EXERCISE DESCRIPTION |
Print a faithful copy of the data below, word for word, with the pictures left out.

DATA PROVIDED |
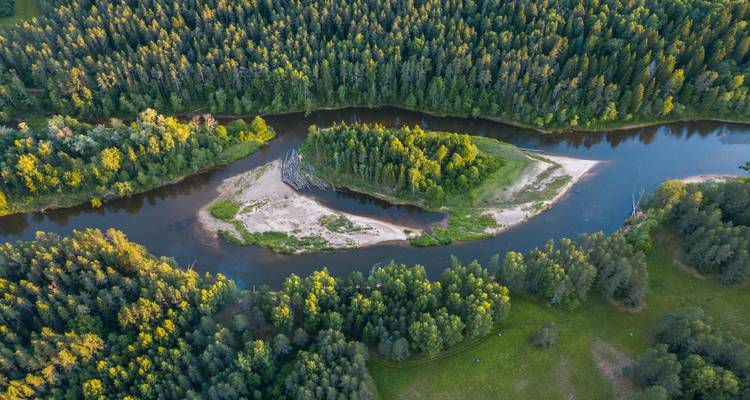 Vue aérienne d'une rivière qui traverse une forêt.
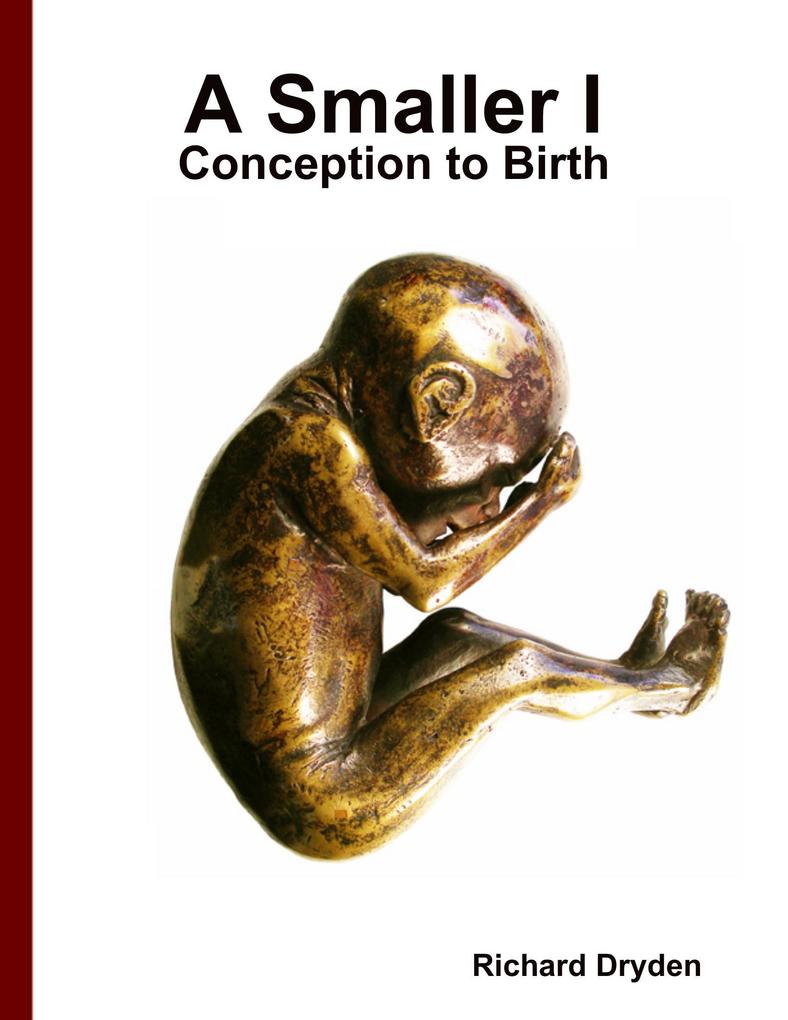 A Smaller I: Conception to Birth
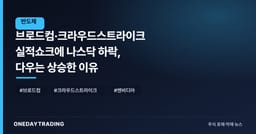 브로드컴·크라우드스트라이크 실적쇼크에 나스닥 하락, 다우는 상승한 이유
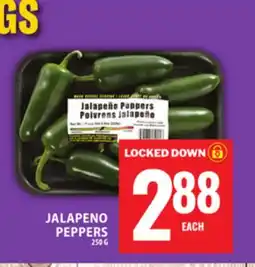 Food Basics JALAPENO PEPPERS offer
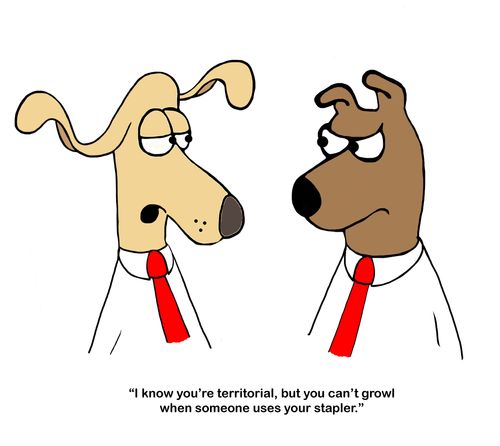 "I know you're territorial, but you can't growl when someone uses your stapler."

RESPONSE BELOW |
 Vue aérienne d'une rivière qui traverse une forêt.
 A Smaller I: Conception to Birth
 브로드컴·크라우드스트라이크 실적쇼크에 나스닥 하락, 다우는 상승한 이유
 Food Basics JALAPENO PEPPERS offer
 "I know you're territorial, but you can't growl when someone uses your stapler."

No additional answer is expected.